McLaren Automotive launched its first sports car in the Middle East last night, going head to head with Ferrari.
Race is on as McLaren pursues Ferrari in showroom
It is not only in the Abu Dhabi Grand Prix that McLaren and Ferrari will go bumper to bumper this weekend.
McLaren launched its first high-performance sports car in the Middle East last night and plans to rapidly expand its retail presence in the region.
But the British car brand has some way to go to catch up with its Italian competitor, as Ferrari yesterday reported accelerating sales across the Middle East.
"Of course they [Ferrari] are our competition," said Greg Levine, the global sales and marketing director for McLaren. "But I do believe that there's sufficient space in the market. We can grow together as brands."
In partnership with Al Habtoor Motors, McLaren has opened a showroom in Dubai and hopes to expand to Abu Dhabi, Doha, Jeddah, Kuwait and Bahrain by the end of March.
McLaren's MP4-12C sports car is now on sale, and Mr Levine hopes to offload 100 cars next year, as well as add a model in each of the next two years.
The MP4-12C costs Dh905,000 (US$246,379), which compares with the starting price for a Ferrari California of Dh770,000 and the 458 Italia model at Dh910,000.

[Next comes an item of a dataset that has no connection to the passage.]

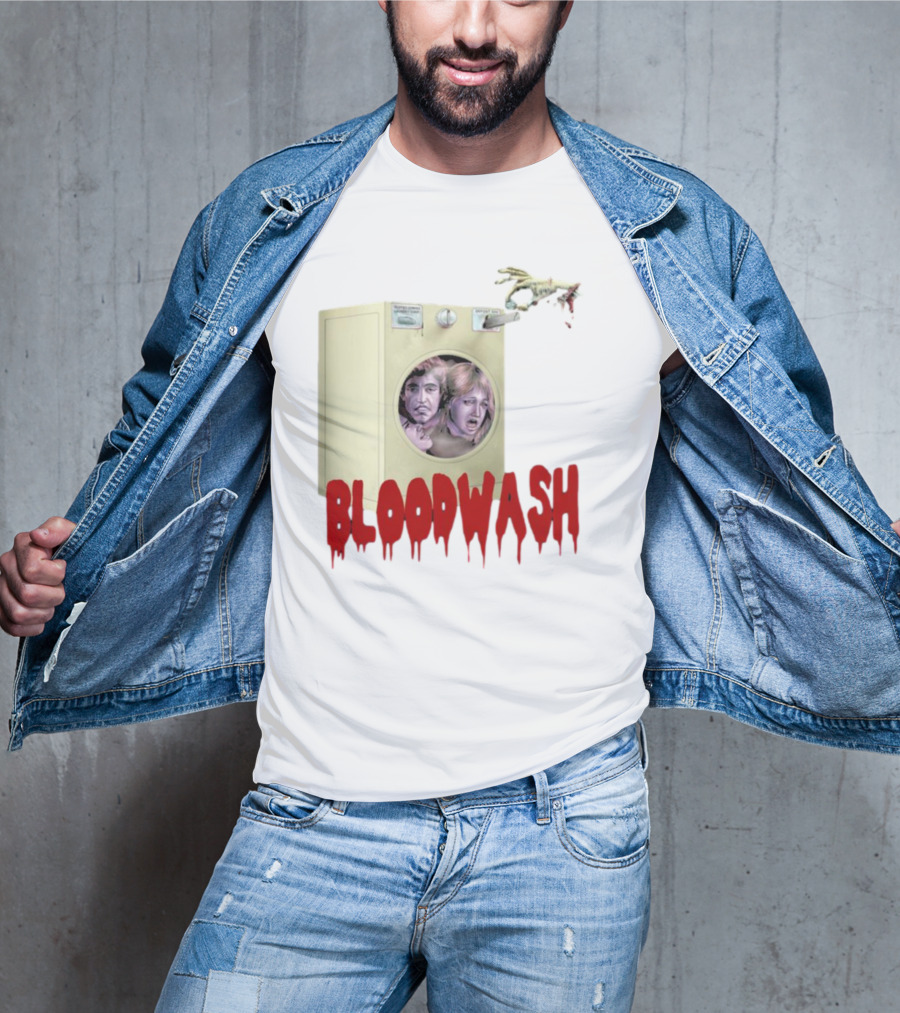 Puppet Combo Bloodwash Horror Laundry Machine With Faces And Monster Hand T-Shirt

"We will have more expensive and more affordable versions of different cars [than the MP4-12C]," Mr Levine said. "But we will absolutely stay in sports cars."
Ferrari yesterday announced record sales of €1.6 million (Dh8m) for the first nine months of the year, an increase of 18.9 per cent on the same period last year.

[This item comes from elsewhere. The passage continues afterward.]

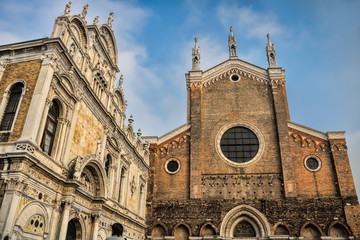 Obraz premium SS. Giovanni e Paolo und Scuola Grande di San Marco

The Middle East was one of the fastest-growing regions globally for Ferrari in the period, with a 23 per cent expansion.
McLaren aims to globally leverage the brand, built from a history of racing dating to 1964.

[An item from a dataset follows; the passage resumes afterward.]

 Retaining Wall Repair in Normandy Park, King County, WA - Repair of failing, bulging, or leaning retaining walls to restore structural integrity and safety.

The MP4-12C first went on sale in July in Europe, followed by South Africa and now the Middle East. Mr Levine hopes to launch in the US next, followed by the Asia-Pacific region and aims to have an initial global network of 35 retailers in 19 countries.
The Middle East and Africa are expected to make up 10 to 15 per cent of total sales once the brand is established.
"My vision is such a simple one," Mr Levine said. "If you ask a child in a playground in the Middle East what car they want when they grow up, they will say a Ferrari or a Lamborghini. In 10 years' time, I want them to say McLaren."